Prospects for an Independent State for the Kurds in Iraq

The promotion of nation-states and the spread of people’s right to self-determination have led to the emergence of national and secessionist movements around the world and consequently impose a serious threat to the territorial integrity of the already established states. The Iraqi Kurds are one of these groups and have fought for their independence since the end of World War I. They were oppressed by successive Iraqi governments that did not recognize their national rights. The Kurdish struggle in Iraq reaped a limited autonomy in the 1970s but fell short of the expectation of the Kurds and was crippled by the insincerity of the Iraqi government and the interference of external powers. The greatest twentieth century development to the Kurdish status in Iraq took place following the Gulf War in the early 1990s when the Iraqi government was compelled to pull out of the three Kurdish provinces of Duhok, Erbil and Sulaymaniyah. As a result, the Kurds gained an opportunity to rule themselves separately from the Iraqi government and under the protection of the international community.
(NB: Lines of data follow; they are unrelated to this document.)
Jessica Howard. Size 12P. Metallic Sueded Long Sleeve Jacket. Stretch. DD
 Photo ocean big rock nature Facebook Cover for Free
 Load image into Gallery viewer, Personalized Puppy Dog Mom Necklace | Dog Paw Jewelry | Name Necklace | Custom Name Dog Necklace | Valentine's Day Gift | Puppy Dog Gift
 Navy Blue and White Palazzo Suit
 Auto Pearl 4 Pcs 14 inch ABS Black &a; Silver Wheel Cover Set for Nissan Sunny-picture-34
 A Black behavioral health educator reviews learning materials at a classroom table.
They have established their own government and other state institutions and have managed to create the foundation of an entity which has become like a de facto state, but have so far failed to convert it into a de jure state. The purpose of this research is to examine the Kurdistan Region of Iraq’s (KRI) endeavours of gaining recognition and its prospects of becoming an independent state. Like in other de facto states, the pursuit of international legitimacy was the main motivation behind the conduct and policy of KRI. The Kurds in Iraq have employed various legitimization strategies in their quest for recognition. Their justifications for claiming statehood include remedial secession, democracy and earned sovereignty, the right to external self-determination and Iraq’s failure as their base state. The study is aimed to contribute to the study of de facto states in general, including their evolution and their legitimization strategies, and of the evolution of the KRI as a de facto state and the legitimization justifications it utilized particularly in its endeavor of claiming statehood. By examining the KRI from 1990 to 2018, the study resolves to explain the creation and evolution of the KRI as a de facto state and its pursuit of international recognition.